### PROBLEM TO WORK ON
Please print the full listing below exactly, but not the pictures in it.

──────── DATA UNDER STUDY ────────

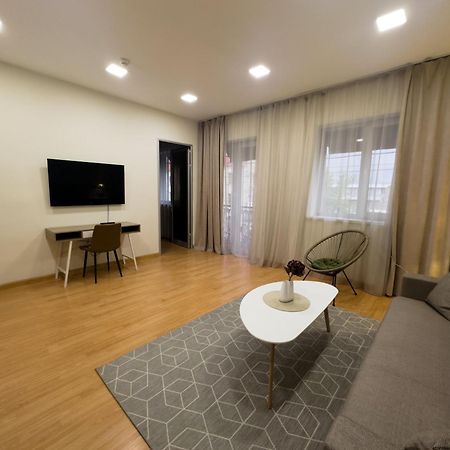 Rest Apartments By Nava Hotel Yerevan Ngoại thất bức ảnh
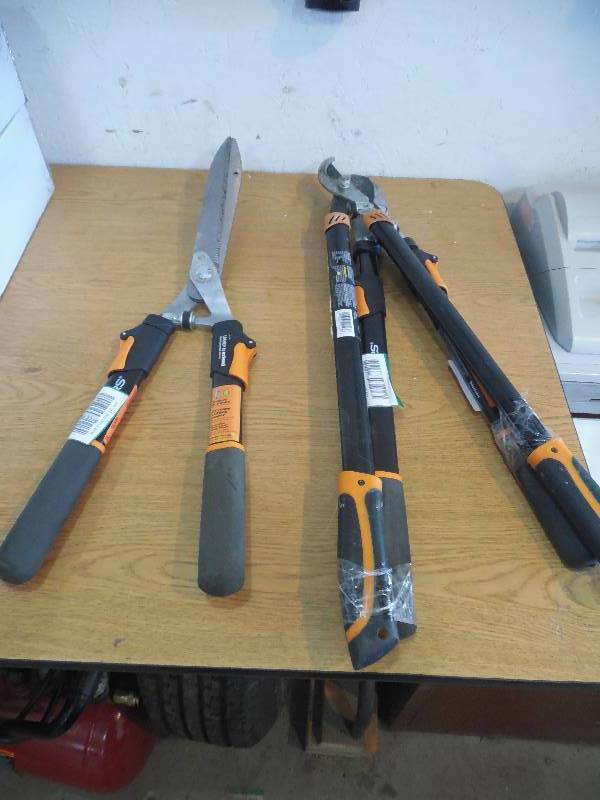 lot 45 image: (3) FISKERS HEDGE TRIMMERS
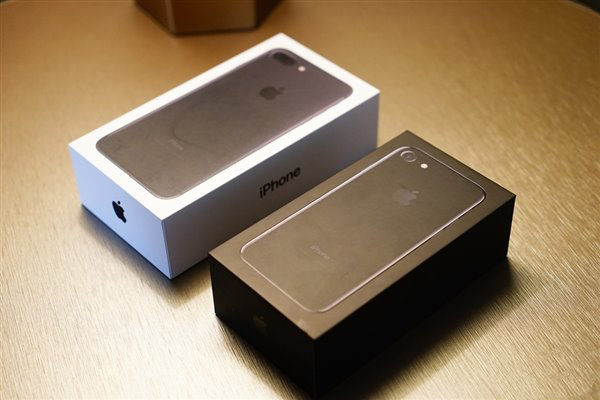 指纹收集神器？亮黑色国行苹果iPhone7/7 Plus最全开箱图集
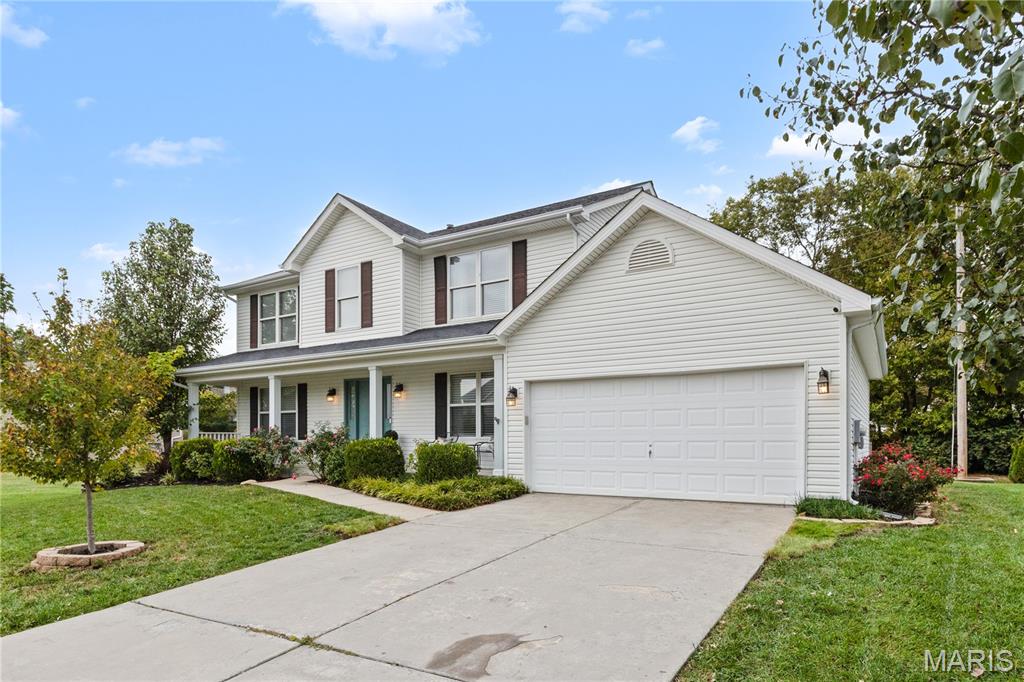 Photo 2 of Single family home for sale at 838 Emerald Pl Dr, Saint Charles, MO 63304 | MLS# MIS26064798 | Listing updated on 2026-10-16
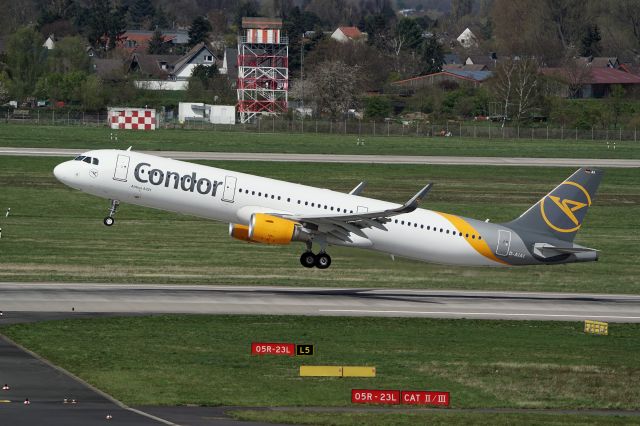 Airbus A321 (D-AIAI) - taka of at DUS/EDDL RWY 23L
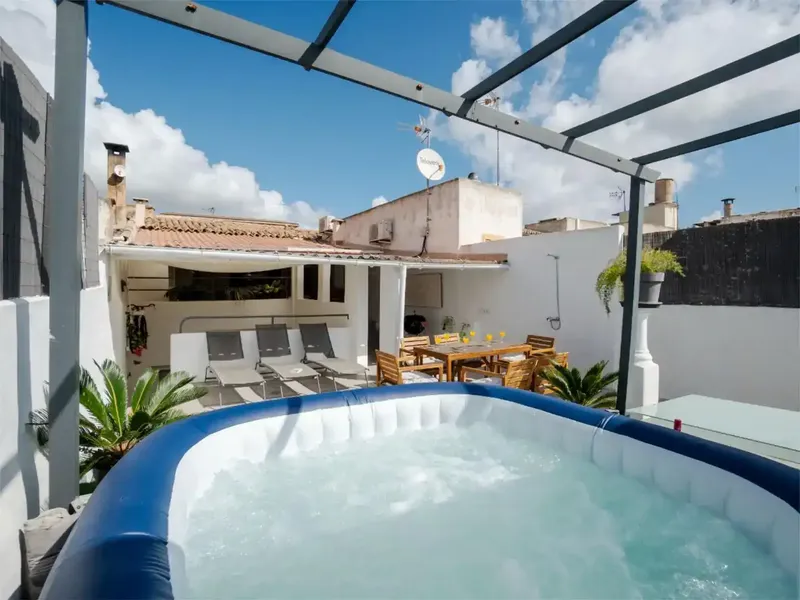 Se vende una casa de pueblo con ETV para 6 huespedes. La casa ha sido renovada hace 6 años y ofrece 2 plantas con 2 dormitorios y 2 bañis en — photo 5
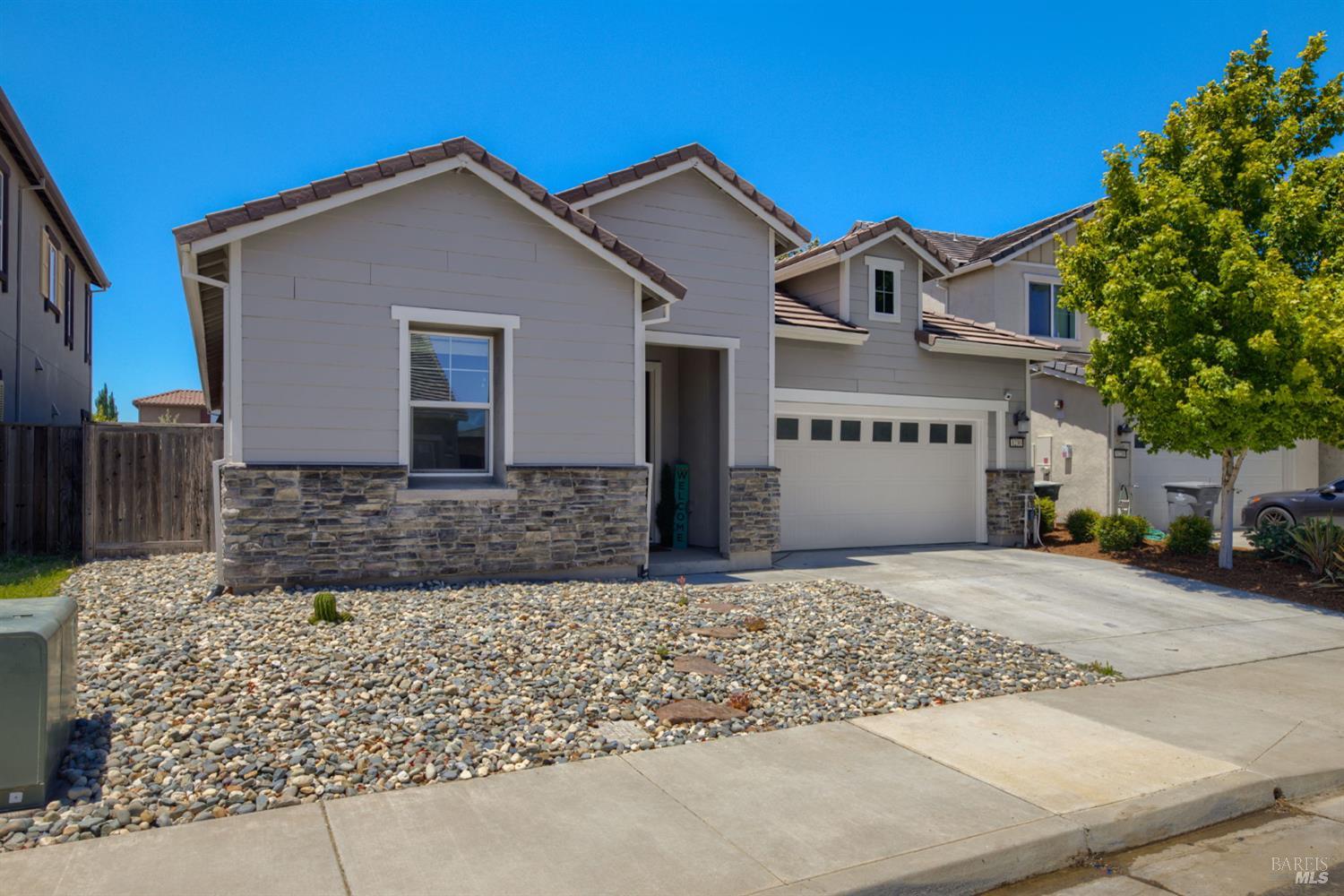 1230 Columbia Drive Dixon CA 95620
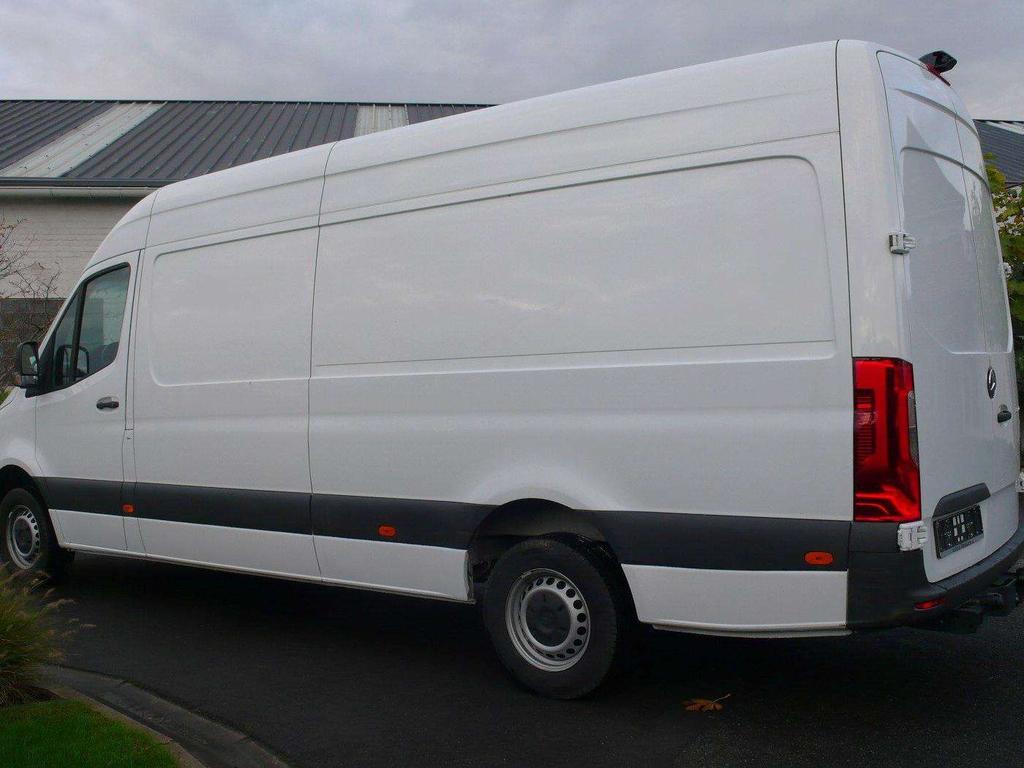 Mercedes-Benz Sprinter Sprinter 317 L3H2 MBUX trekhaak 3.5ton 31750+btw Garage Frank Mesure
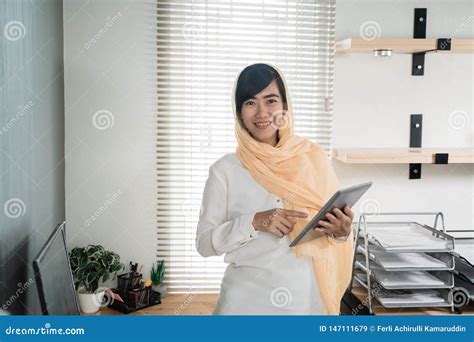 Hijab Que Lleva De La Mujer Musulm N Usando La Pc De La Tableta Imagen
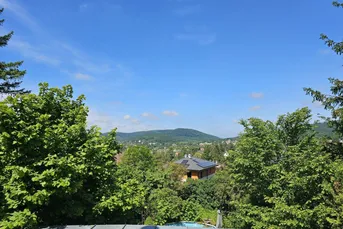 Sonniges Baugrundstück für ca. 220 m² Einfamilienhaus mit Grünblick und Fernsicht, Top Anbindung an öffentliche Verkehrsmittel
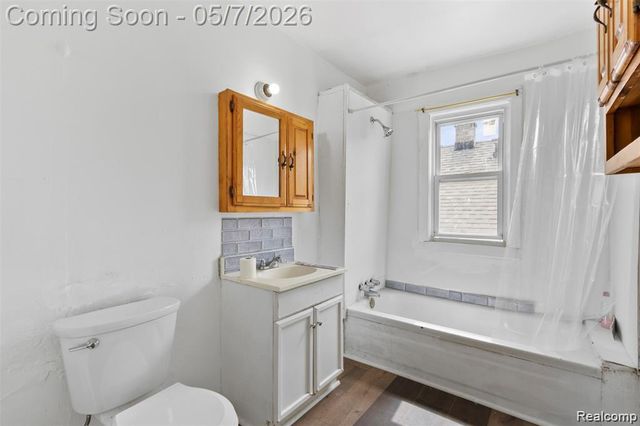 5151 Yemans Street, Hamtramck, MI 48212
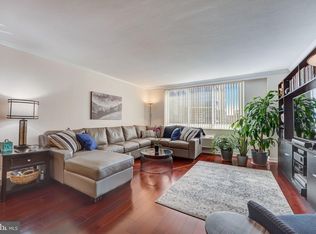 1901 John F Kennedy Blvd APT 2613, Philadelphia, PA 19103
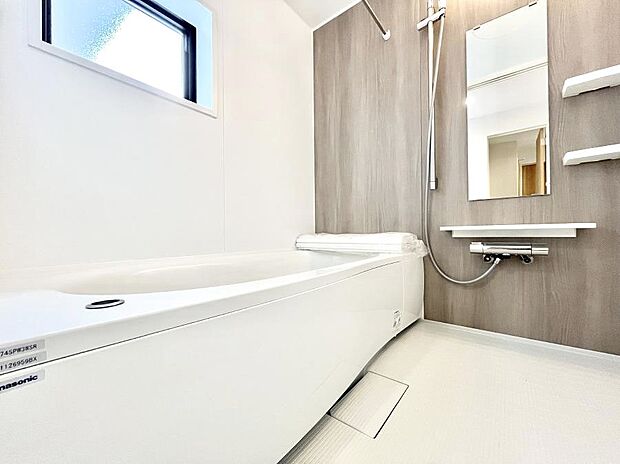 落ち着いた雰囲気でゆっくりお寛ぎいただけるバスルーム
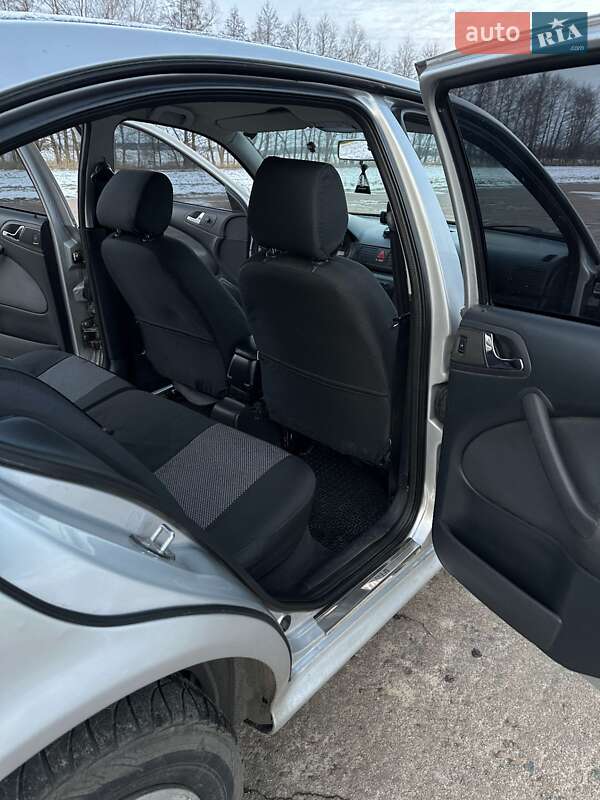 Лифтбек Skoda Octavia 2006 в Куликовке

────────

### REPLY
 Rest Apartments By Nava Hotel Yerevan Ngoại thất bức ảnh
 lot 45 image: (3) FISKERS HEDGE TRIMMERS
 指纹收集神器？亮黑色国行苹果iPhone7/7 Plus最全开箱图集
 Photo 2 of Single family home for sale at 838 Emerald Pl Dr, Saint Charles, MO 63304 | MLS# MIS26064798 | Listing updated on 2026-10-16
 Airbus A321 (D-AIAI) - taka of at DUS/EDDL RWY 23L
 Se vende una casa de pueblo con ETV para 6 huespedes. La casa ha sido renovada hace 6 años y ofrece 2 plantas con 2 dormitorios y 2 bañis en — photo 5
 1230 Columbia Drive Dixon CA 95620
 Mercedes-Benz Sprinter Sprinter 317 L3H2 MBUX trekhaak 3.5ton 31750+btw Garage Frank Mesure
 Hijab Que Lleva De La Mujer Musulm N Usando La Pc De La Tableta Imagen
 Sonniges Baugrundstück für ca. 220 m² Einfamilienhaus mit Grünblick und Fernsicht, Top Anbindung an öffentliche Verkehrsmittel
 5151 Yemans Street, Hamtramck, MI 48212
 1901 John F Kennedy Blvd APT 2613, Philadelphia, PA 19103
 落ち着いた雰囲気でゆっくりお寛ぎいただけるバスルーム
 Лифтбек Skoda Octavia 2006 в Куликовке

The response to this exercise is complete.